One could say environmental monitoring on a large scale started in 1905, on the flanks of 10,700-foot Mount Rose overlooking Lake Tahoe and Reno, with the first snow survey system by University of Nevada, Reno professor James Church. He was interested in determining how much snow runoff would supply water to the Reno and Northern Nevada area. The survey extended across the Sierra, which now helps forecast water supply for California, including domestic uses and the important agricultural industry in California's Central Valley.

Church's methods were adopted around the world, and he himself set up monitoring systems in the Andes, the Himalayan Mountains and Europe.

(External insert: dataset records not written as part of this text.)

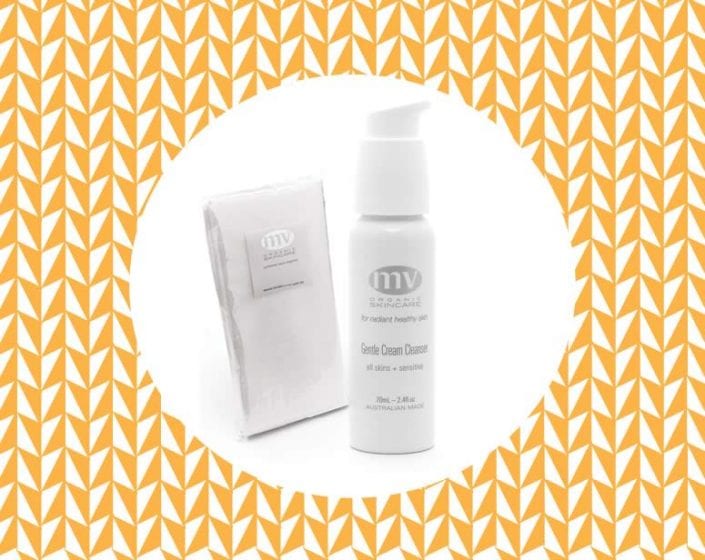 MV Skincare Gentle Cream Cleanser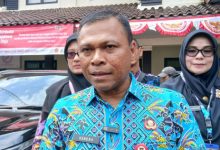 Hendra Tarmidzi, Kepala Dinkes Kabupaten Tangerang. Foto: Antara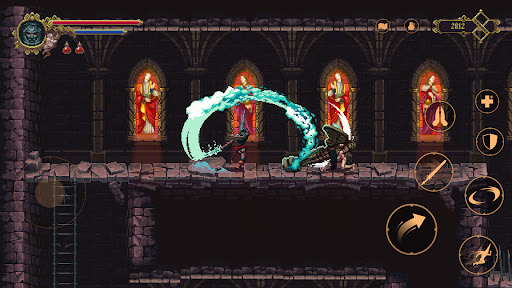 Blasphemous screenshot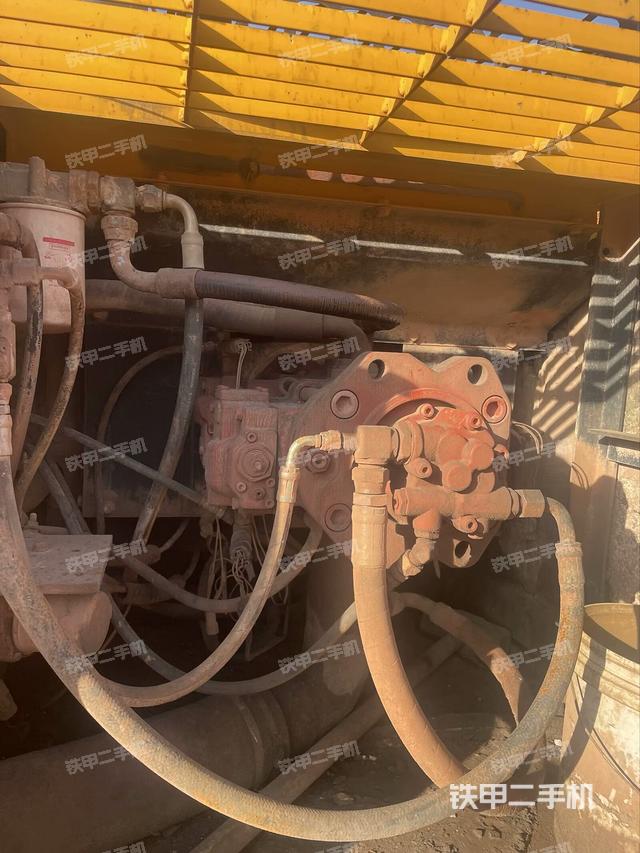 散熱器正面（大件艙室）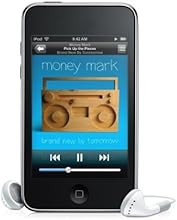 Apple iPod Touch Tragbarer MP3-Player mit integrierter WiFi Funktion 8 GB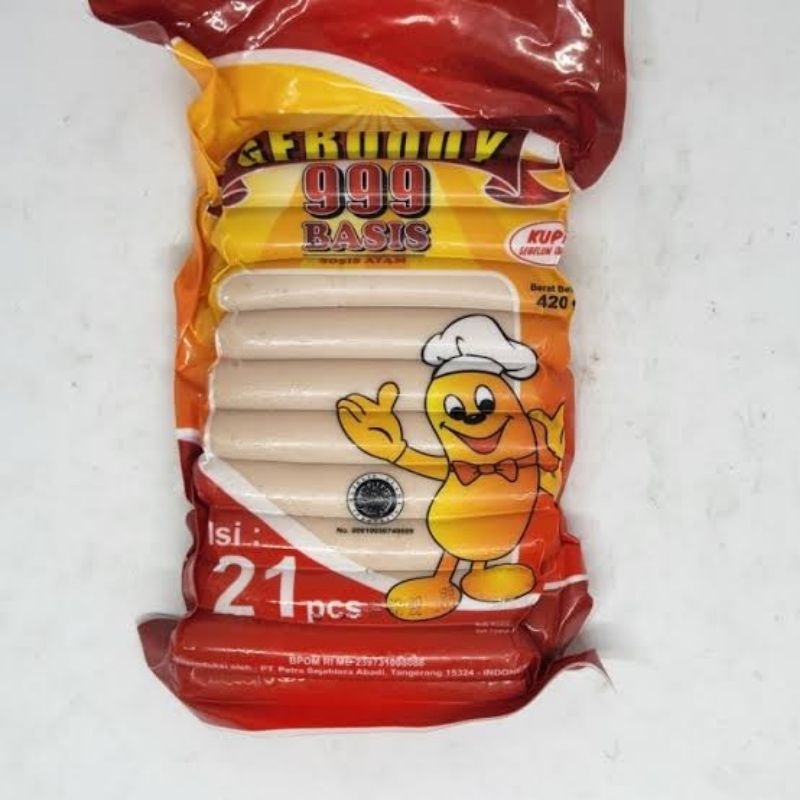 

sosis geboy 420gram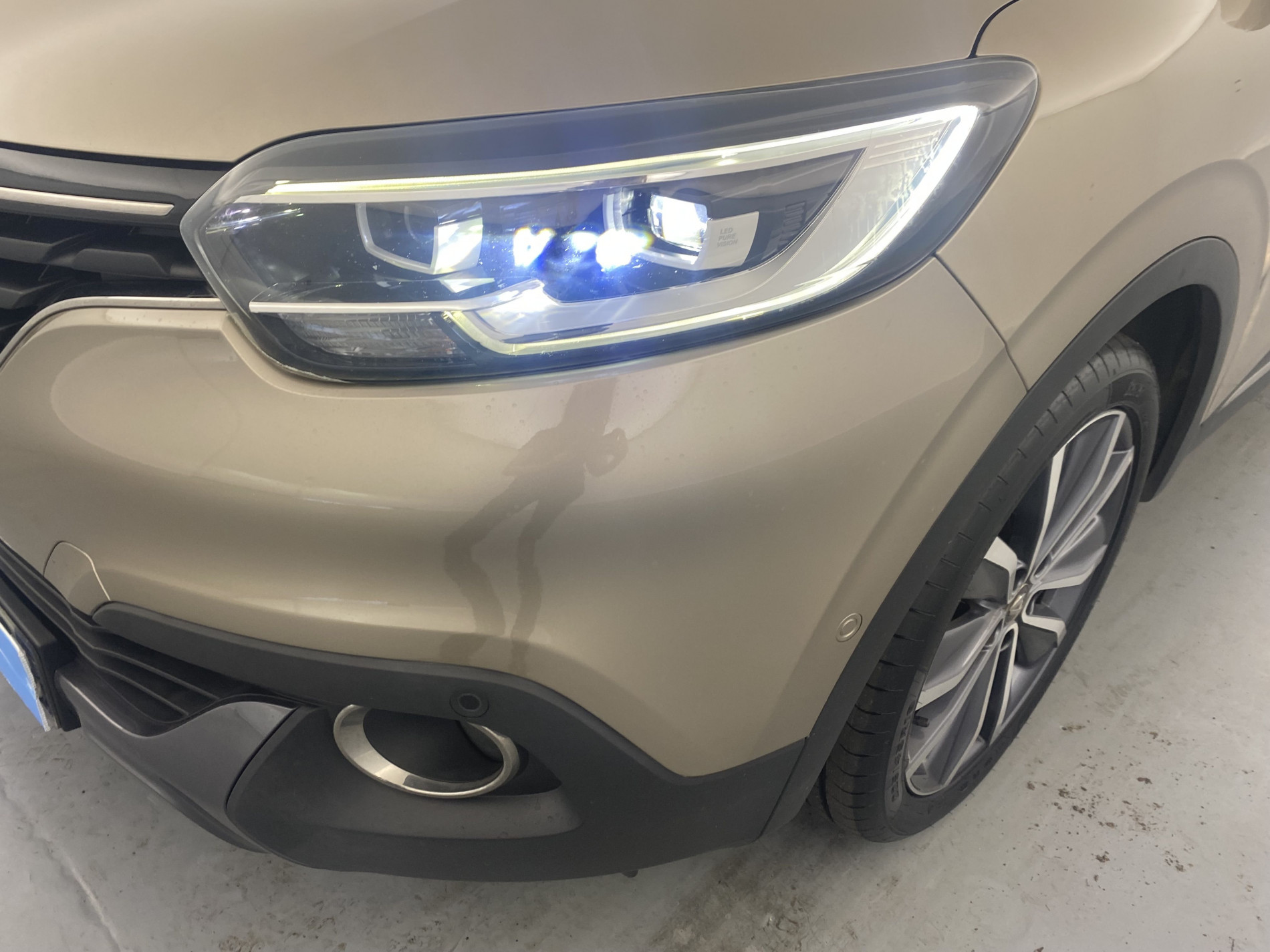 RENAULT KADJAR   Intens EDC TCe 130 Energy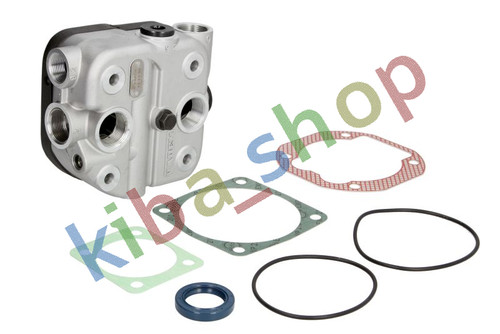 Compressor cylinder head - compressor,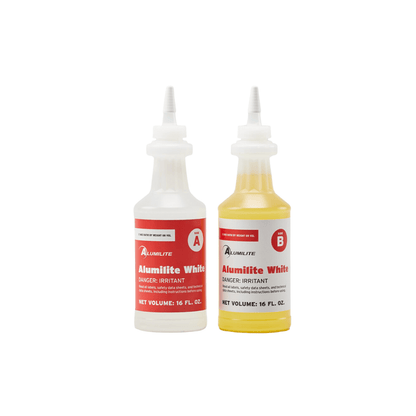 Alumilite White Amazing Casting Resin Fast Dry in 10 Minutes - Casting - Baillea's Interiors -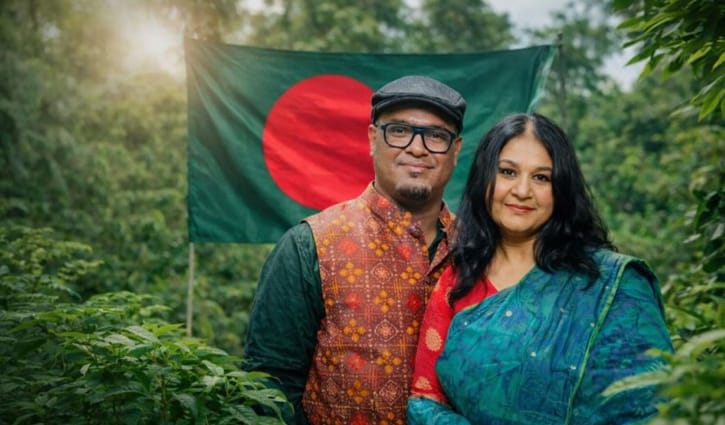 স্বাধীনতা দিবসে ‘জন্ম নেবো বারেবার’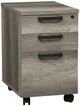 Liberty Furniture Tanners Creek 2-Piece Dark Pewter/Graystone Desk Set-4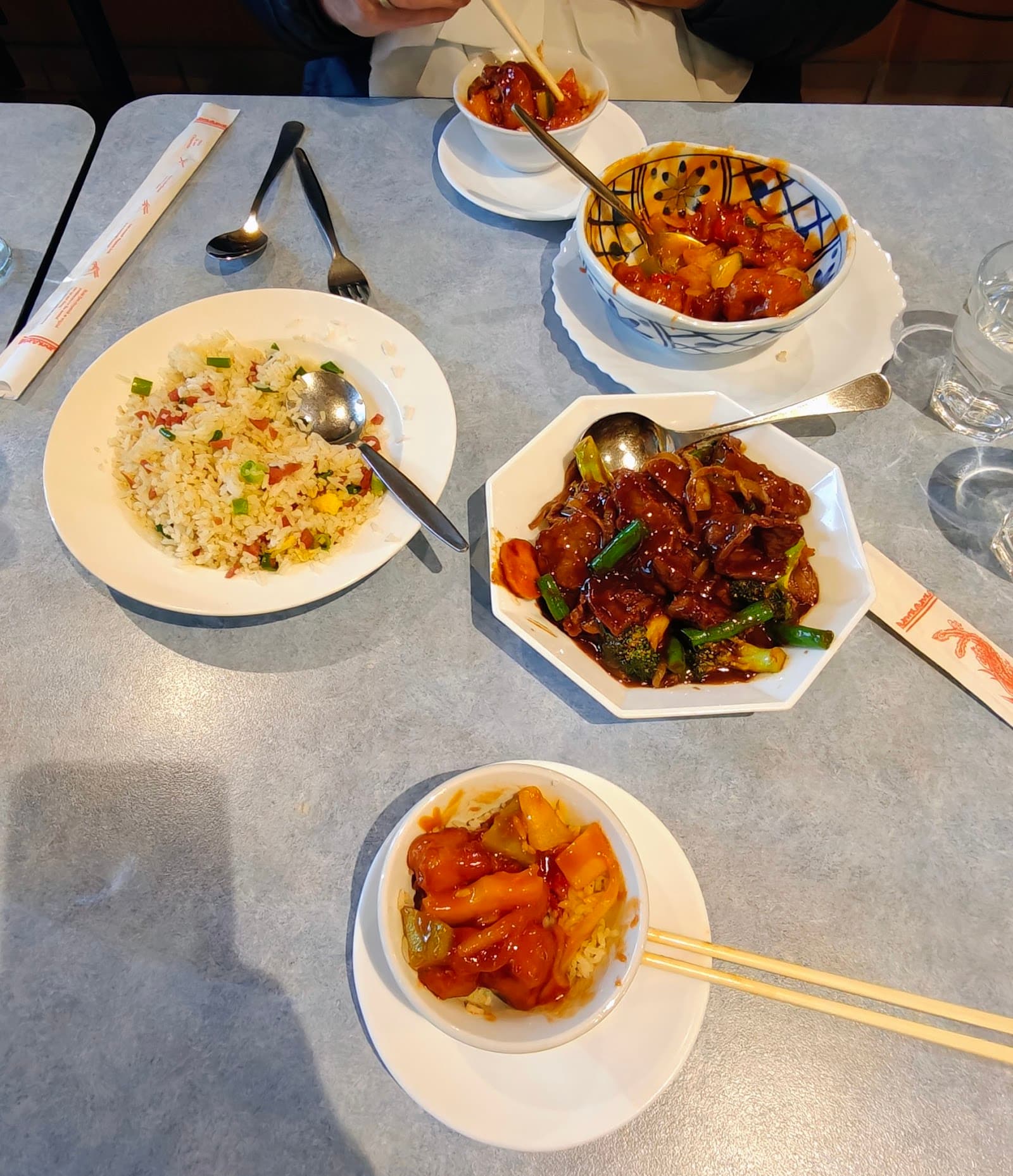The East Kitchen — Dickson, Canberra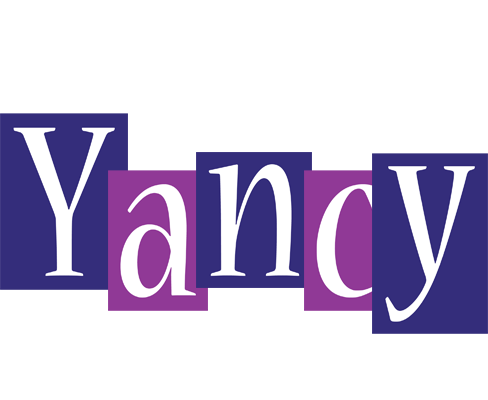 Yancy autumn logo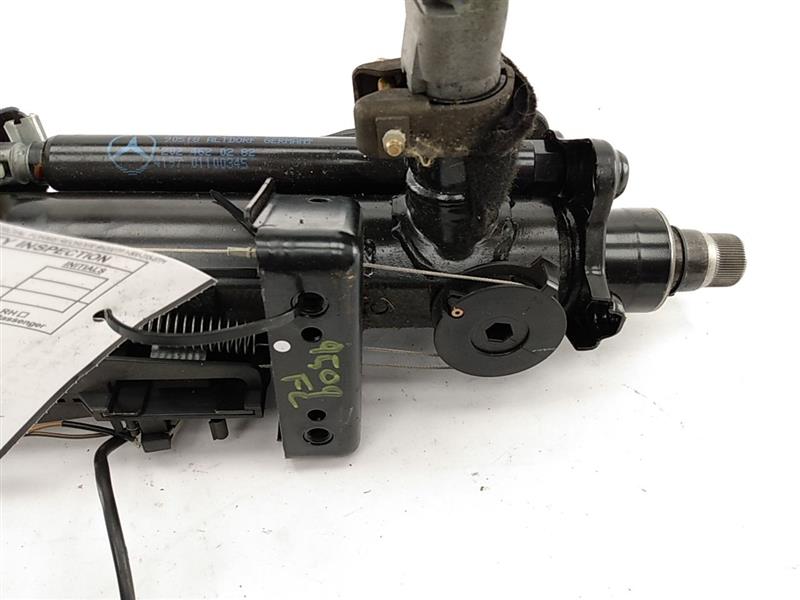 Mercedes SLK230 Steering Column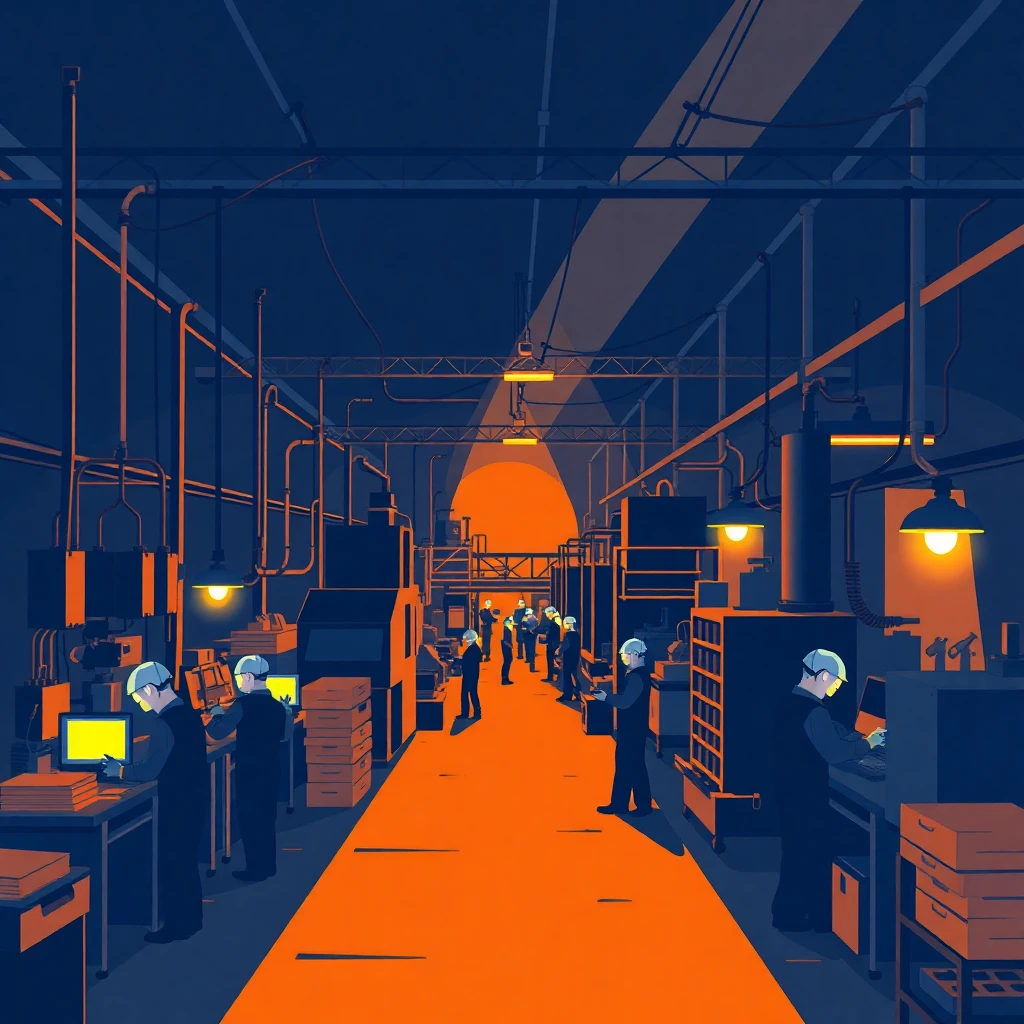 Night shift workers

"The snow observatory and surveys on Mount Rose still continue and are part of a tradition of field observatories here in Nevada," said Franco Biondi, professor of geography at the UNR and co-organizer for the conference. "Methods developed by Church are still used today in snow surveying and field observatories around the world. In fact, one of our field trips this week (was) to the snow observatory on Mount Rose."

The conference, "Mountain Observatories — A Global Fair and Workshop on Long-Term Observing Systems of Mountain Social-Ecological Systems," was organized by the Mountain Research Initiative at the Institute of Geography in Bern, Switzerland, in partnership with the University's Extended Studies program and the DendroLab, which is run by Biondi in the College of Science.

"This is different than a typical conference, because in addition to the field trips, and some traditional format such as keynote speakers, there (were) workshops and roundtable discussions to compare projects, instrumentation and systems," Biondi said. "This is not the first time scientists will be getting together to talk about mountain observing systems, but it is new on this scale".

"MRI chose to have this meeting here because of the university's tradition of field work and research, the innovative observation systems that were recently put in place and the variety of ecological and social interactions in the region."

Biondi oversees four National Science Foundation-funded research projects, and he was the statewide lead for the Ecological Change component of a multi-institutional collaboration funded by the National Science Foundation for $15 million. It established a comprehensive environmental monitoring system across the Great Basin of Nevada through the Nevada Climate Change Portal.